When she was about 10 years old, she suffered a blow to the head that not only changed her physically, but empowered her spiritually. An overseer threw an iron weight intended to hit another slave, but struck Tubman with sueh force that she would suffer from headaches, seizures and sleeping spells for the remainder of her life. The physical effects of this injury, which both historians identify as temporal lobe epilepsy (TLE), coincided with an awakening of the extraordinary spiritual gifts and supernatural perceptions that would prove to be major sources of Tubman's success in rescuing fugitive slaves. According to Larson, "epiphany-like" spiritual manifestations are a common side effect of TLE. These manifestations, along with her deep Christian faith, enabled Tubman to be directed by what Clinton calls her "protective intuition" in her rescue missions.

More motivating than the physical violence was the toll the "peculiar institution" took on African American families -Tubman's in particular. By the time she reached her early twenties, Tubman's father had been separated from her family and her sisters and nieces had been sold away. It was the sale of additional family members, and rumors that her sale was imminent, that caused Tubman to run away with two of her brothers in 1849. What is perhaps most interesting about this attempt is that Harriet ran away against the wishes of her then-husband of five years, John Tubman, a free Black man.

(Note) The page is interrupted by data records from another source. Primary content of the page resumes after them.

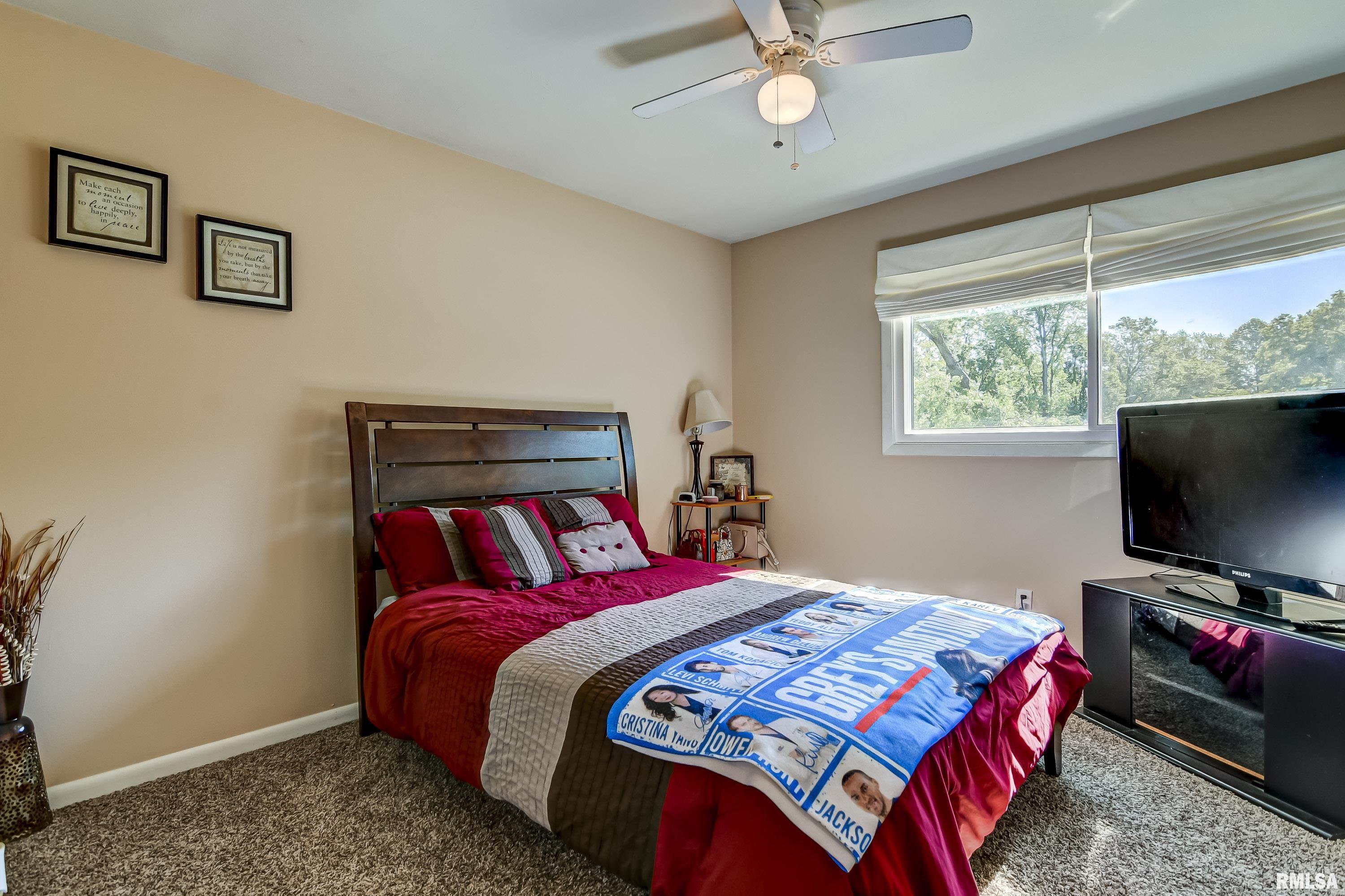 131 Dickinson Road Springfield, IL 62704 - Photo 29 of 39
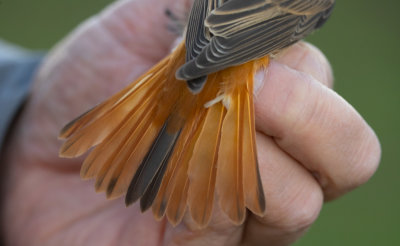 Common Redstart (Phoenicurus phoenicurus)	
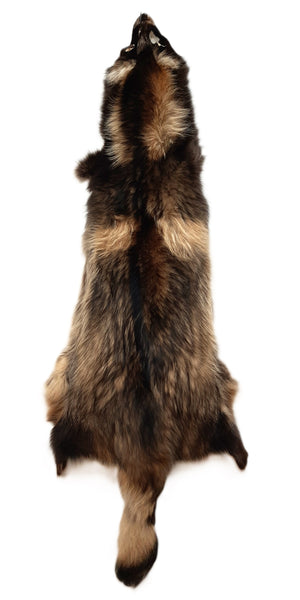 finland raccoon design tippet／品番H／日本製❣️ Genuine Finland Raccoon Large Size Hunting Animal Pelt Fluffy Soft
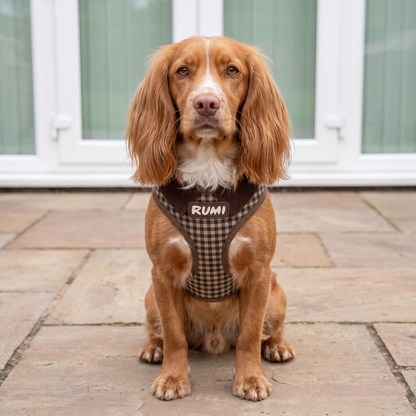 Hazelnut Gingham | The Everyday Harness
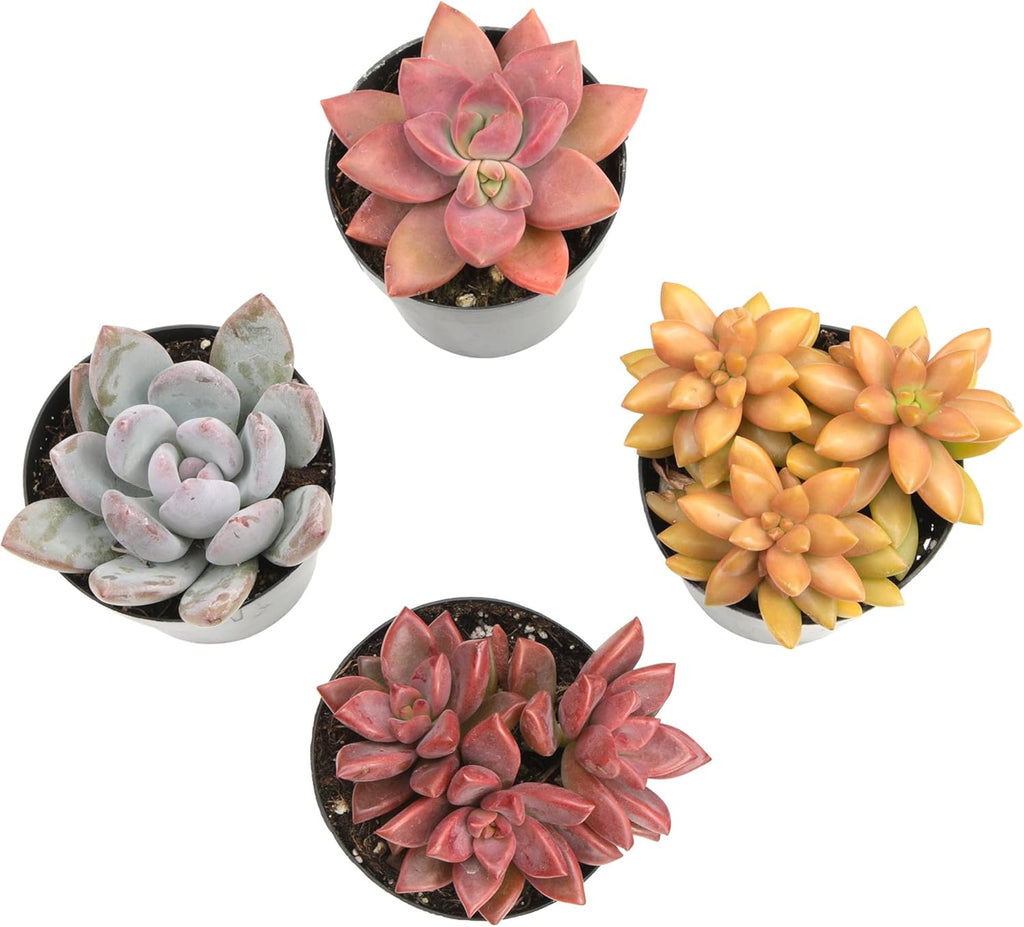 Live Succulents 4-Pack, Mini Plants Succulent Mix, Live Plants, Mini Succulents, House Plants, Live Succulent Plants, Outdoor & Indoor Plants for Event, Wedding, Kid Crafts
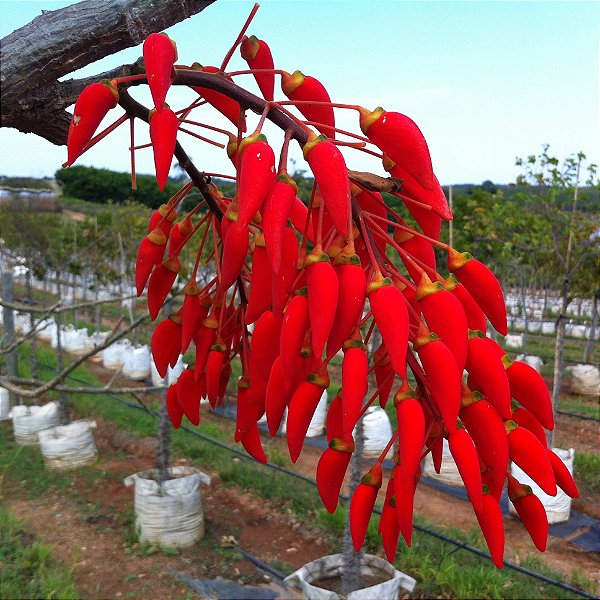 MULUNGU ou SUINÃ (Erythrina verna) - Muda com até 1 metro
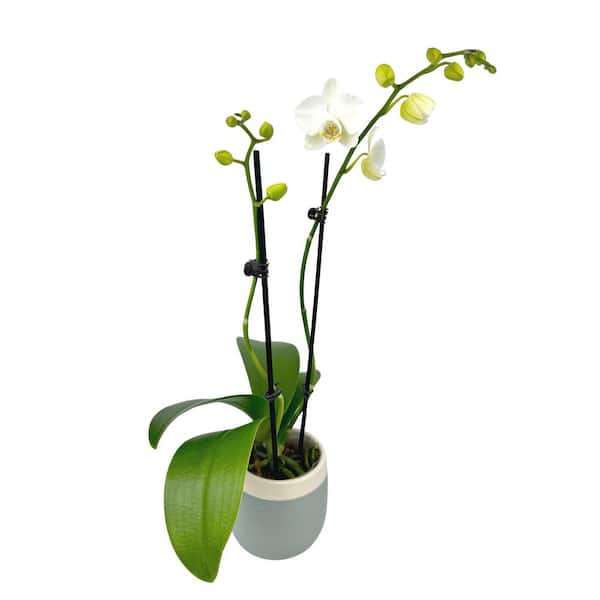 16 in. Premium Live Orchid Plant Blooming in 3.5 in. Blue and White Orchid Pot for Home Decor, White
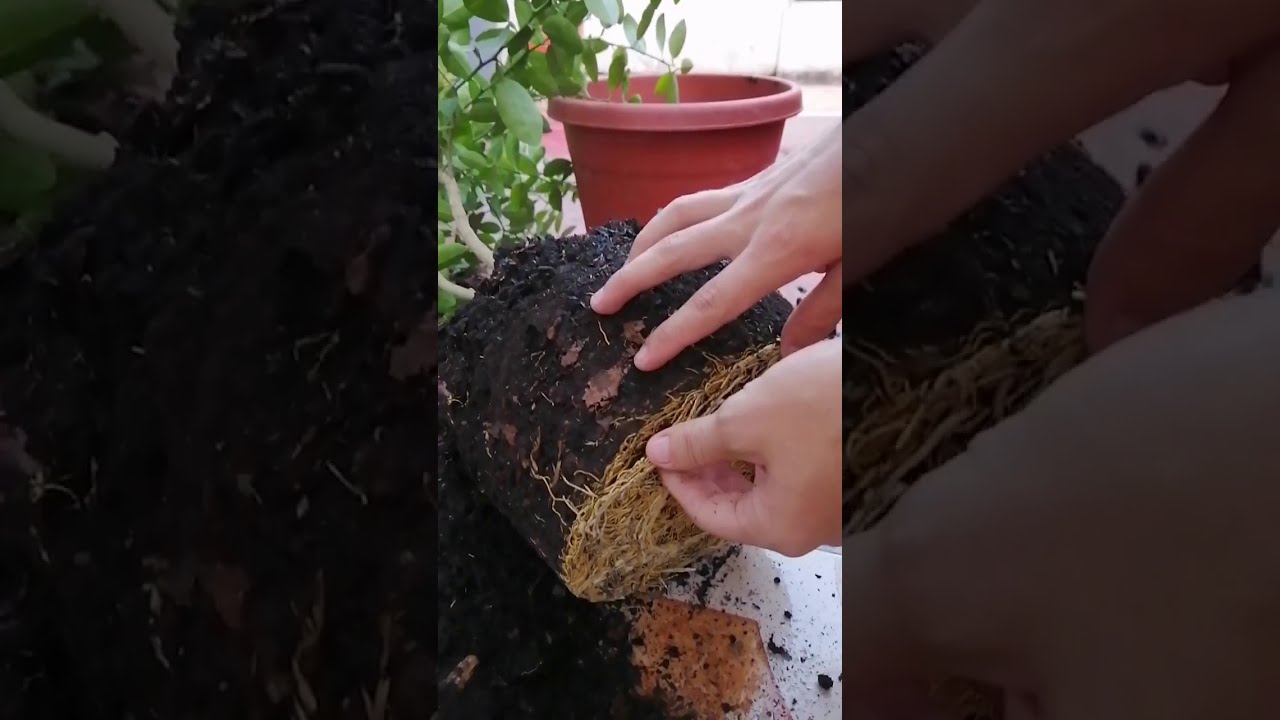 Técnicas para podar raíces de árboles en macetas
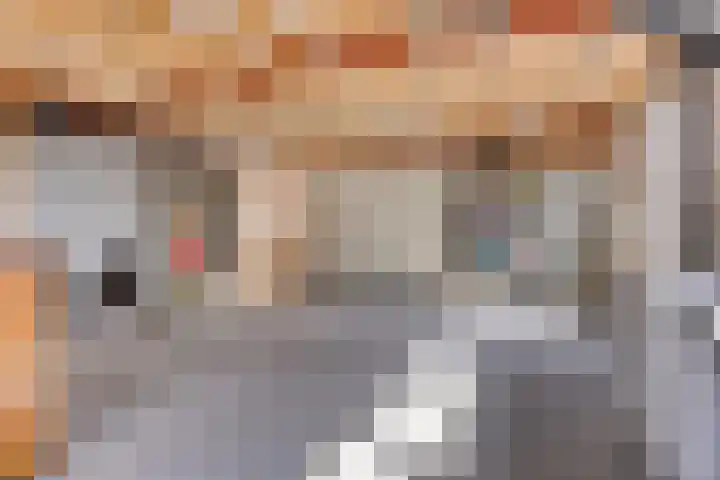 Torendreef 15 Bladel thumbnail 41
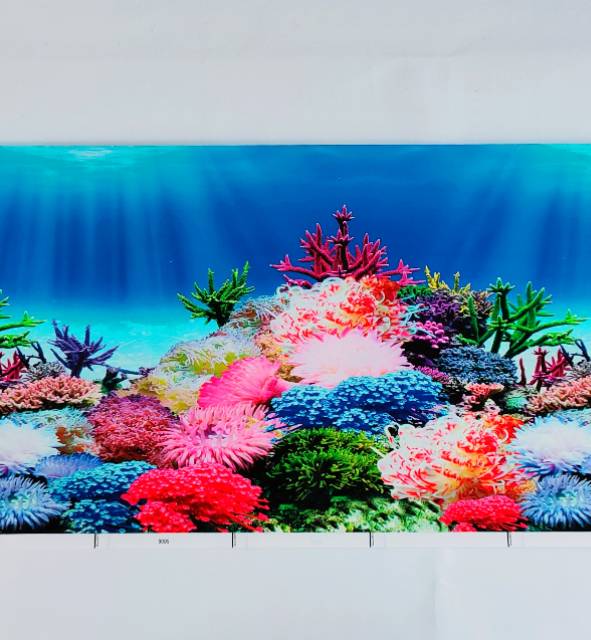 Gambar background hiasan dinding Aquarium tinggi 30cm panjang 1 meter (RANDOM)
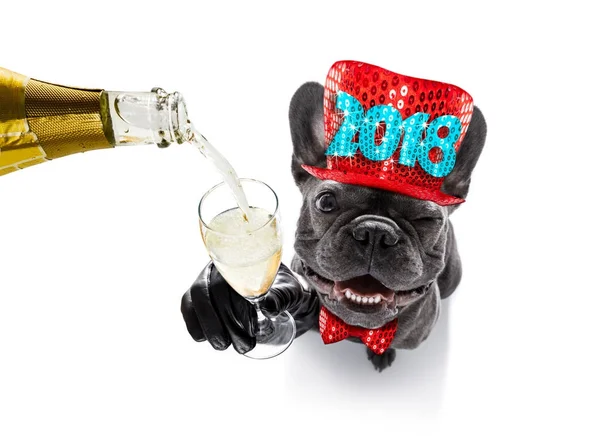 Feliz año nuevo celberation perro — Foto de Stock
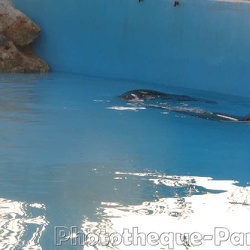 Marineland - Phoques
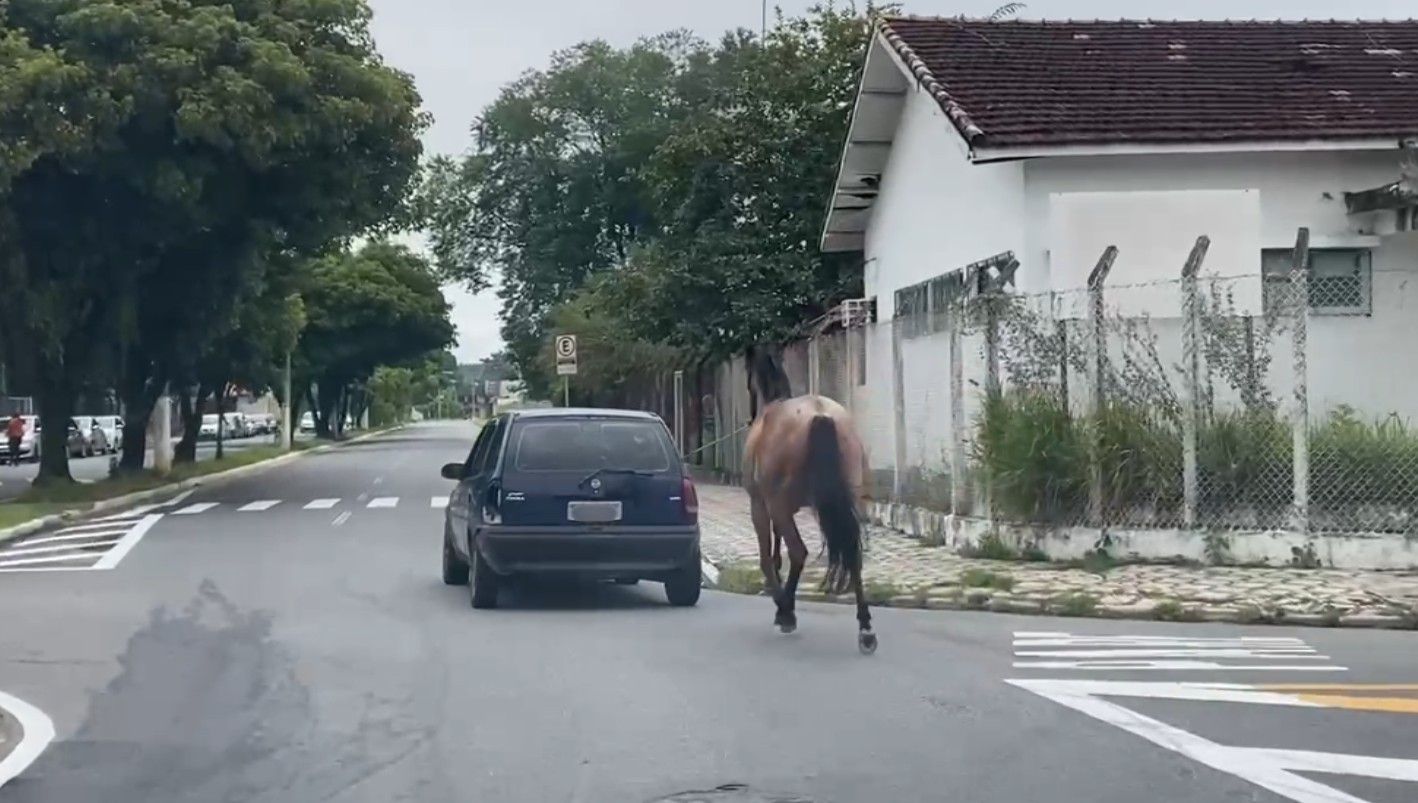 VÍDEO flagra cavalo amarrado em corda sendo puxado por carro, em Caçapava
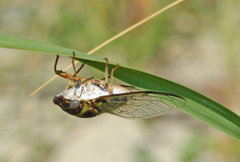 Diceroprocta viridifascia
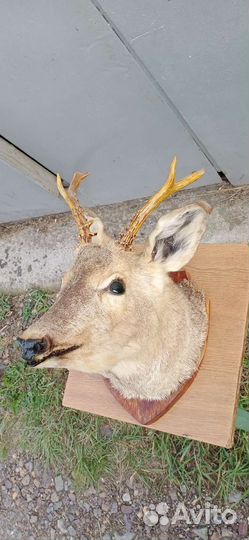 Чучело косули (голова с рожками)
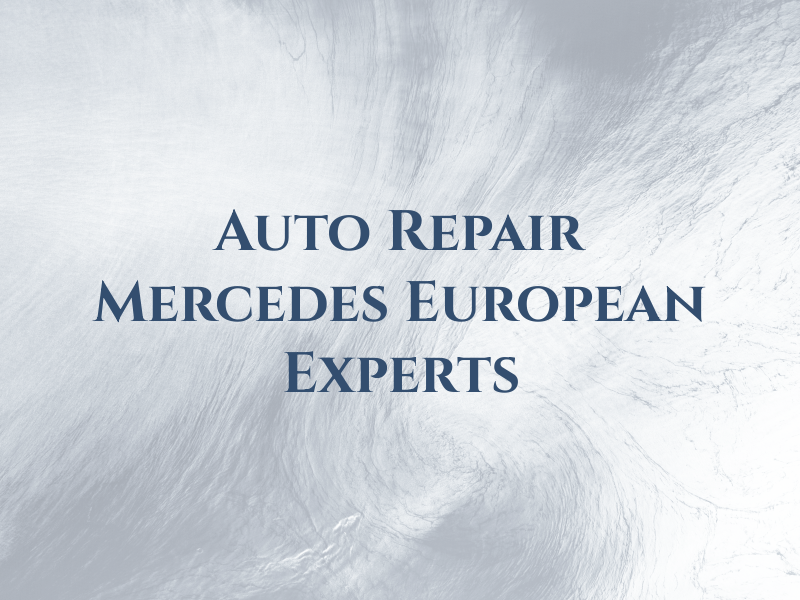 Auto Repair Mercedes BMW European Experts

While Clinton does not provide any historical evidence as to how John Tubman became free, Larson suggests that he was a "dark-skinned mulatto" born to free parents. Little is known about their courtship or marriage, but Larson suggests that John Tubman must have cared deeply enough for Harriet to be willing to deal with all of the legal and extralegal challenges they faced as a result of her enslavement. Despite this connection, Harriet decided to flee with her brothers. On their way to freedom, her siblings got fearful and pleaded with her to return to the plantation with them alter only two-and-a-half weeks. Tubman reluctantly obliged, but set off on her own solo journey to freedom shortly thereafter.